We start by extracting vital sign information of the training data and merge with the current ICU the patients are in. To do so, we need to make sure that each patient has a uniquely defined position at any one time. So let us check the information from our current_icu view (see the `current_icu.sql` file for how this view is defined)

In [9]:
Q = """select icustay_id, charttime, curr_careunit 
from current_icu c 
order by icustay_id, charttime"""
df_care = execute_query(Q, con, schema_name)

Remove those entries that are not linked to an icustay_id

In [10]:
df_care = df_care[~df_care.icustay_id.isnull()]

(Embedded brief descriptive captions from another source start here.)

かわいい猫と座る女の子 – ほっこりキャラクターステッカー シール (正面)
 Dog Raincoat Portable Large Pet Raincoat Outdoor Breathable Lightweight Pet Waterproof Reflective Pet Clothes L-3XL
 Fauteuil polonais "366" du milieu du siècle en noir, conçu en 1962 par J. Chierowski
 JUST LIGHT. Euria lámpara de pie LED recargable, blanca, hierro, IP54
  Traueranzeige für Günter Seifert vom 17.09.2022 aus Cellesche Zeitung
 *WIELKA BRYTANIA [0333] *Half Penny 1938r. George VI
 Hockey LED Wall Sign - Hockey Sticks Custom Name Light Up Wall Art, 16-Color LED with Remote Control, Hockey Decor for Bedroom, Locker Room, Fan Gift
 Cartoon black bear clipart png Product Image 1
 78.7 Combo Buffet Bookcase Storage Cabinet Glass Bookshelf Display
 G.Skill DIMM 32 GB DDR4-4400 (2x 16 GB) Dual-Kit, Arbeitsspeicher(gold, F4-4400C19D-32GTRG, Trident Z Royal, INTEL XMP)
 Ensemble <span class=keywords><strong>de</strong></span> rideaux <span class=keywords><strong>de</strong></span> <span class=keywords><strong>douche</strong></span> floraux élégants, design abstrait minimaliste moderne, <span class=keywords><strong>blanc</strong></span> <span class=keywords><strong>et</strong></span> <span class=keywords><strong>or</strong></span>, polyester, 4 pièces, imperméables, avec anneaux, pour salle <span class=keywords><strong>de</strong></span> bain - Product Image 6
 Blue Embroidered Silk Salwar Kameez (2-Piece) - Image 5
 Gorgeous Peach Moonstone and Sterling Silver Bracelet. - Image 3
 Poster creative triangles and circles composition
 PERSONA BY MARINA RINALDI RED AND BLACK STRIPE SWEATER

The following table shows that we have duplicated rows

In [11]:
df_care[df_care.duplicated(keep= False)].head()

Unnamed: 0,icustay_id,charttime,curr_careunit
92964,200817.0,2116-07-15 13:11:00,CSRU
92965,200817.0,2116-07-15 13:11:00,CSRU
92966,200817.0,2116-07-15 13:15:00,CSRU
92967,200817.0,2116-07-15 13:15:00,CSRU
92968,200817.0,2116-07-15 13:30:00,CSRU


We can filter these out

In [12]:
df_care = df_care.drop_duplicates()

In [13]:
df_care = df_care.sort_values(by=['icustay_id','charttime','curr_careunit'], ignore_index=True)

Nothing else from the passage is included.